Artifact metadata such as size and hash remains visible even when the underlying data is no longer available.
Inline artifact viewer
The run view includes an inline artifact viewer that renders artifact contents directly in the browser. The viewer activates automatically based on the artifact's content type:
| Format | Display |
|---|---|
| Text / plain text | Syntax-highlighted code viewer |
| JSON | Collapsible tree view for objects and arrays |
| CSV / TSV | Scrollable table with column headers |
| Apache Parquet | Rendered as a scrollable table |
| Images (PNG, JPEG, GIF, WebP, etc.) | Displayed inline |
Click the fullscreen button to expand the viewer to fill the screen. For artifact types that cannot be rendered inline, a download link is shown instead.

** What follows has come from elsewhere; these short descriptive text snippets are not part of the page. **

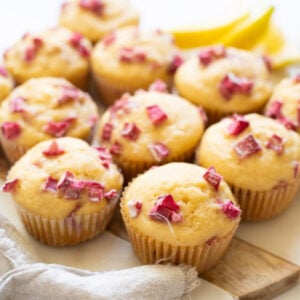 Rhubarb muffins on a serving plate.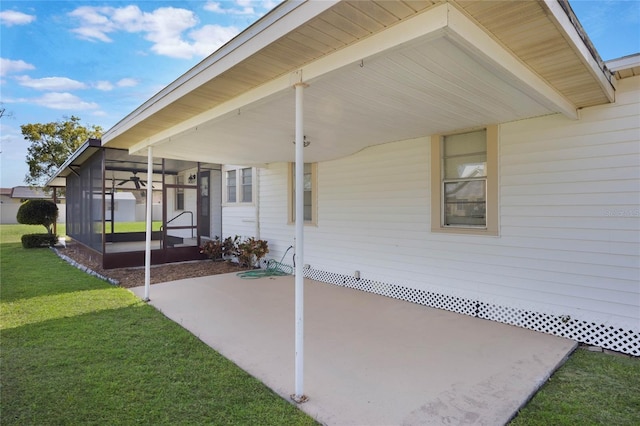 view of patio / terrace with a sunroom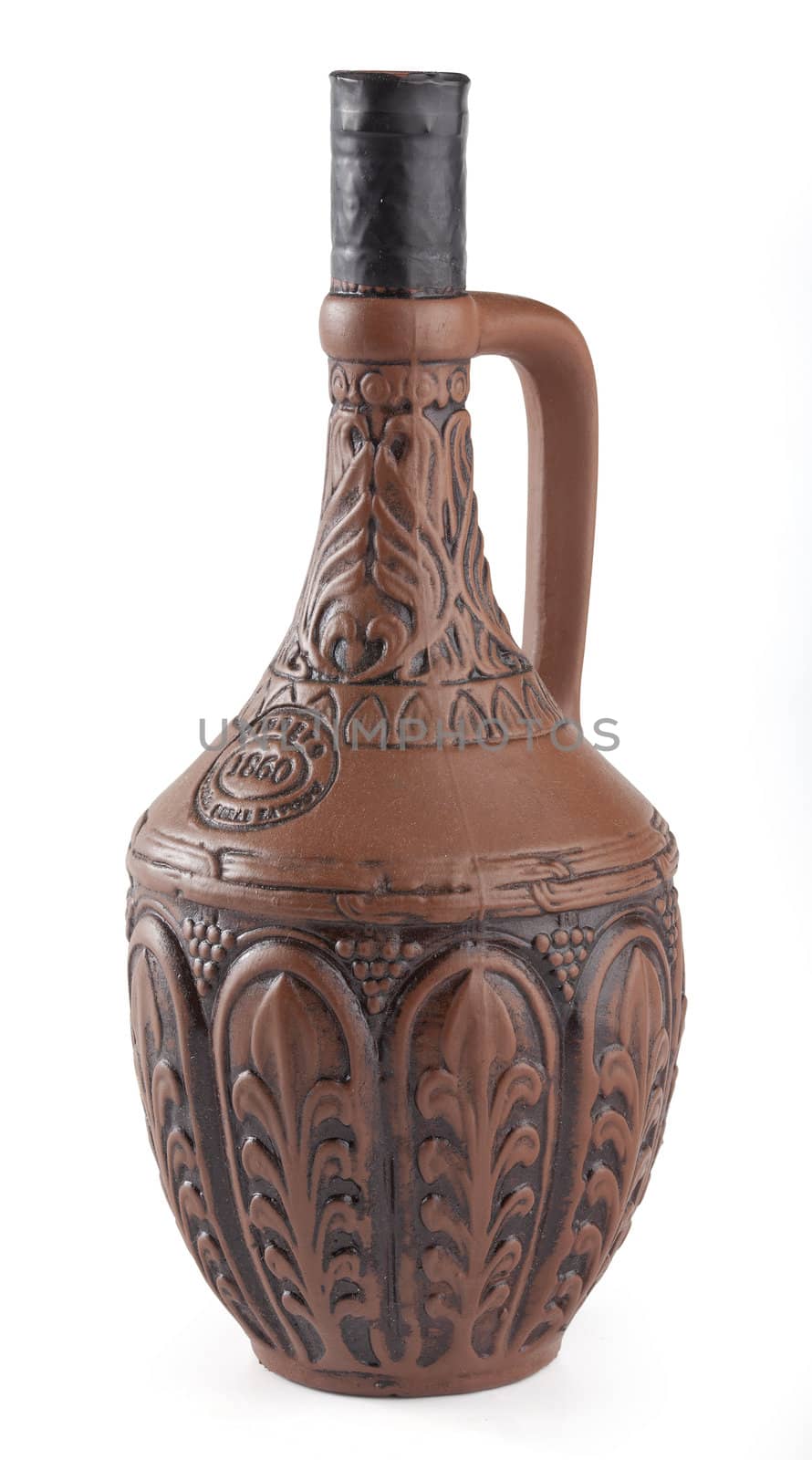 Isolated clay jug for wine on the white background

Tabular viewer (CSV, TSV, Parquet)
Tabular artifacts share a common viewer with paging and sticky headers:
- Initial load: the first 100 rows are rendered. The footer shows "Showing first 100 rows".

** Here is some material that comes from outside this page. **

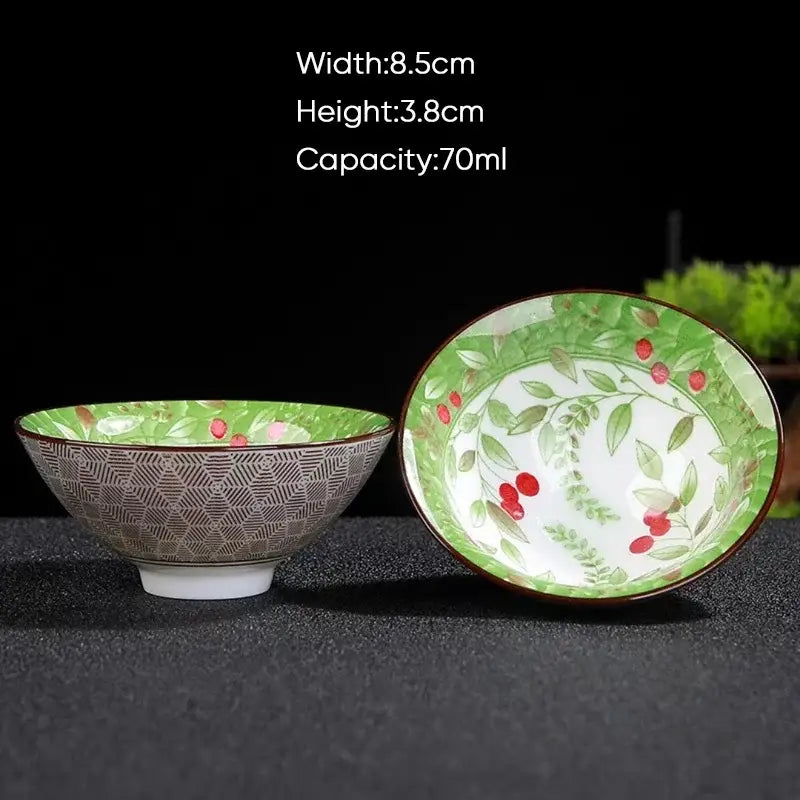 A japanese style multi color ceramic kung fu tea cup with green white botanical pattern red berries and brown rim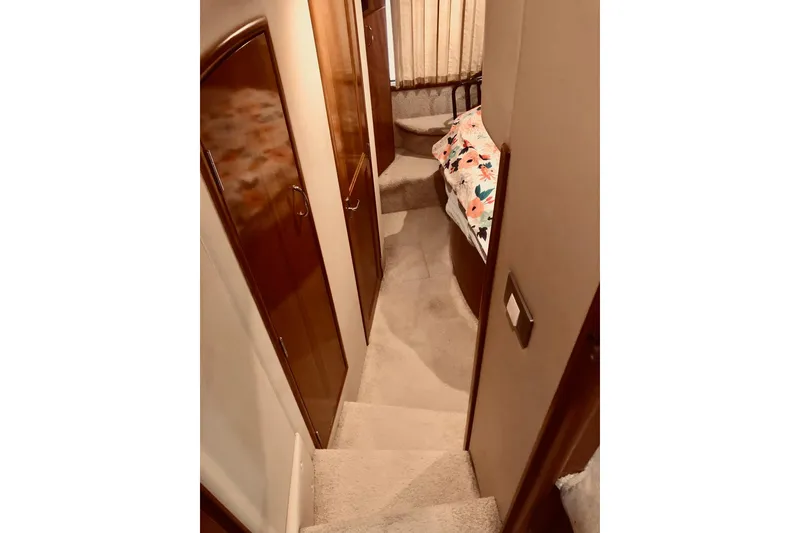 Slide: The Image of Interior of 2005 Carver 444 Cockpit Motor Yacht with carpeted stairs and cozy cabin. - 65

- Load more: click Load more to append another 100 rows. The viewer continues paging up to a 1,000-row preview limit, after which the footer changes to "Showing first 1000 rows (preview limit reached)".

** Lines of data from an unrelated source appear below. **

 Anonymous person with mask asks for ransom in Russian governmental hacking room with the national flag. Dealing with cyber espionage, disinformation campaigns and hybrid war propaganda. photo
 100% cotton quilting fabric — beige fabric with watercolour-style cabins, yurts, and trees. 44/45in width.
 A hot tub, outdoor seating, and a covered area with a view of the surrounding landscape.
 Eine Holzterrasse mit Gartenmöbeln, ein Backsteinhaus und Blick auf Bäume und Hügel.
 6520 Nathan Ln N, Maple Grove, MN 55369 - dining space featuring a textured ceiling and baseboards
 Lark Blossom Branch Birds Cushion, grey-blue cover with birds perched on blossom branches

- Load all: click Load all to jump straight to the preview limit without paging.
- Sticky column headers: headers remain visible while you scroll the table vertically. The table also scrolls horizontally when columns overflow the viewport.
- Column types: when the artifact's schema is available (such as for Parquet files), each column header shows the column type below the name. Nullable columns are marked with a trailing
?(for exampleint64?).
Use the standalone artifact preview page (below) when you need to share a view of an artifact or browse it on its own dedicated page — the tabular viewer there behaves the same way but uses the full window height.
Standalone artifact preview page
Every artifact has a dedicated, shareable preview page at /artifact/<artifact-id>. The page renders the same inline viewer as the run view but fills the browser window, which is useful for inspecting large tables or sharing a specific artifact with a collaborator.
There are two ways to open the page from the run view:
- Cmd/Ctrl + click the fullscreen button in the artifact visualizer dialog. The standalone page opens in a new browser tab.
- Click the Share button in the artifact visualizer header. The full preview URL is copied to your clipboard and a "Link copied to clipboard" toast confirms the copy. Paste the link to share it with another user, or open it later.
The preview URL accepts optional type and name query parameters so the page can pick the right viewer and display label without round-tripping to the run view. Anyone with access to the same TangleML backend can open the link; if the artifact has aged out of remote storage, the page shows the same Artifact unavailable notice described above.